Red and Black Tree (also a Binary Search Tree)
1. Each node is either red or black.
2. The root node is black.
3. Each leaf node (the last empty node) is black.
4. If a node is red, its child nodes are black.
5. From any node to the leaf node, the black node is the same.
6. Red-black trees are binary trees that keep "black balance"
7. The red nodes of the red-black tree are inclined to the left.
Red-black tree is equivalent to 2-3 tree
1.2-3 tree satisfies the basic properties of binary search tree
2. Nodes can store one or two elements
3. Each node has two or three children (two children, called two nodes, three children, called three nodes).
2-3 Tree Addition Elements
4.2-3 tree is an absolutely balanced tree (i.e. two-three-node fusion). In the binary search tree in front of us, we know that the element value of the left subtree must be less than the root node, and the value of the right subtree is larger than the root node. Therefore, we should follow this point when we add elements to the 2-3 tree, if it is a two-node, then when we add them. Direct programming of three nodes, if it is three nodes, it will become four nodes, four nodes will become three two nodes, in turn, analogy, maintain absolute balance, adding nodes will not be added to the empty location, from the root node to the leaf node.
1. If the insertion of three nodes is a leaf node, the father node is two nodes.
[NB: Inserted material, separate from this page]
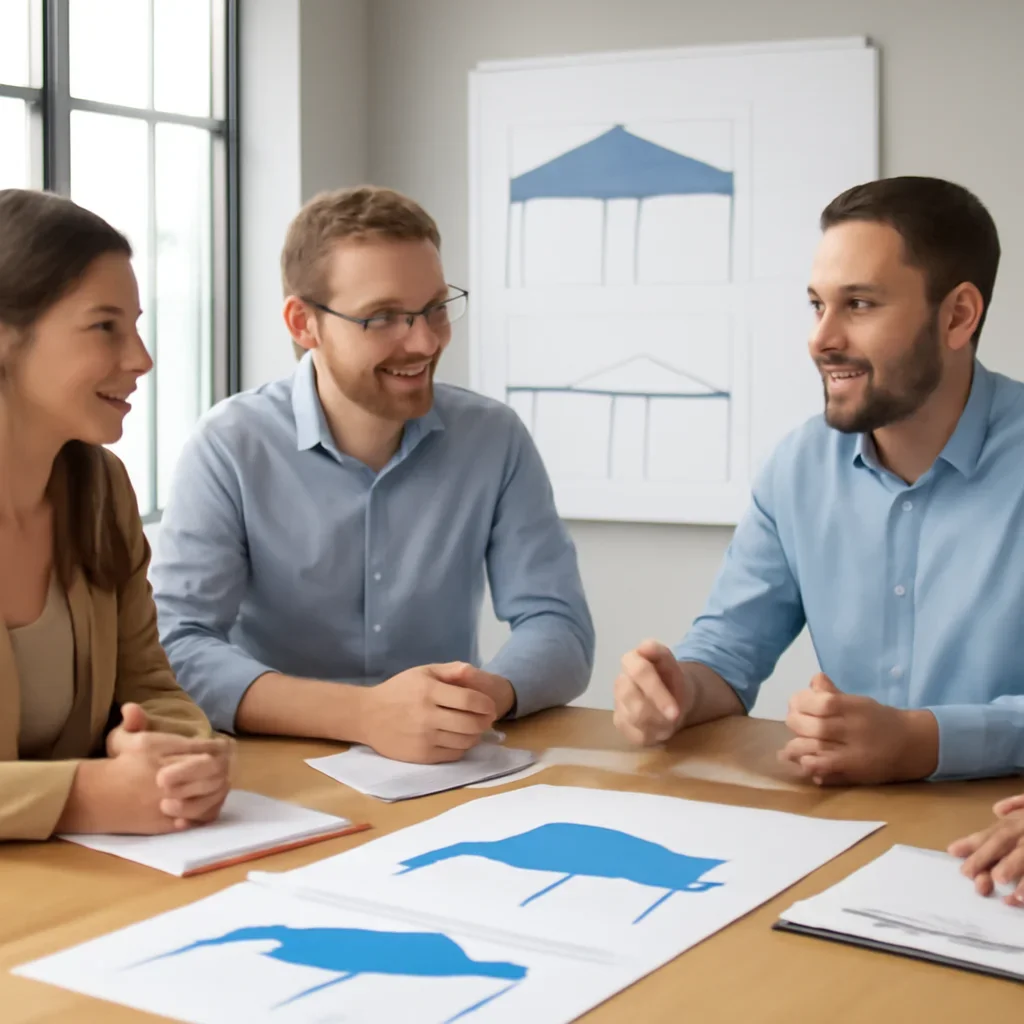 Team discussing what makes a canopy tent good for rental company inventory? options before ordering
The inserted element is fused with the root node to form a three-node
2. If the insertion of three nodes is a leaf node, the father node is three nodes.
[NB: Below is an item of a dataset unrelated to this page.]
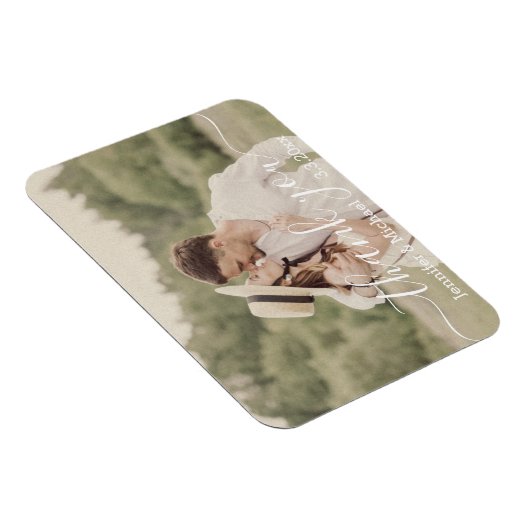 国感謝していモダンの結婚式の写真を手書き マグネット (右側)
The insertion element is fused with the father node to form a four-node, the four nodes are split into three two-node, and then continue to fuse upwards, and so on.
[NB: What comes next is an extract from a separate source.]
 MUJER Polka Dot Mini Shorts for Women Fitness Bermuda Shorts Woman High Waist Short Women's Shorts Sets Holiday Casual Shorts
The common code is as follows
private static final boolean RED = true; private static final boolean BLACK = false; private class Node { public K key; public V value; public Node left, right; public boolean color; public Node(K key, V value) { this.key = key; this.value = value; left = null; right = null; color = RED; } } private Node root; private int size; public RBTree() { root = null; size = 0; } public int getSize() { return size; } public boolean isEmpty() { return size == 0; }
Color reversal
Change black to red and red to black, similar to the four nodes of a 2-3 tree
The specific implementation code is as follows
//Color reversal private void filpColor(Node node) { node.color = RED; node.left.color = BLACK; node.right.color = BLACK; }
Right rotation
Connect the right subtree of the child node to the left subtree of the father node, then connect the father node to the right subtree of the child node, change the father node to red, and the child node to black (color reversal) as follows
//Right Rotation of Red-Black Trees private Node rightRotate(Node node) { Node x = node.left; //Right rotation node.left = x.right; x.right = node; x.color = node.color; node.color = RED; return x; }
Left rotation
Connect the left subtree of the child node to the right subtree of the father node, then connect the father node to the left subtree of the child node, turn the father node into red, and turn the child node into black (color inversion).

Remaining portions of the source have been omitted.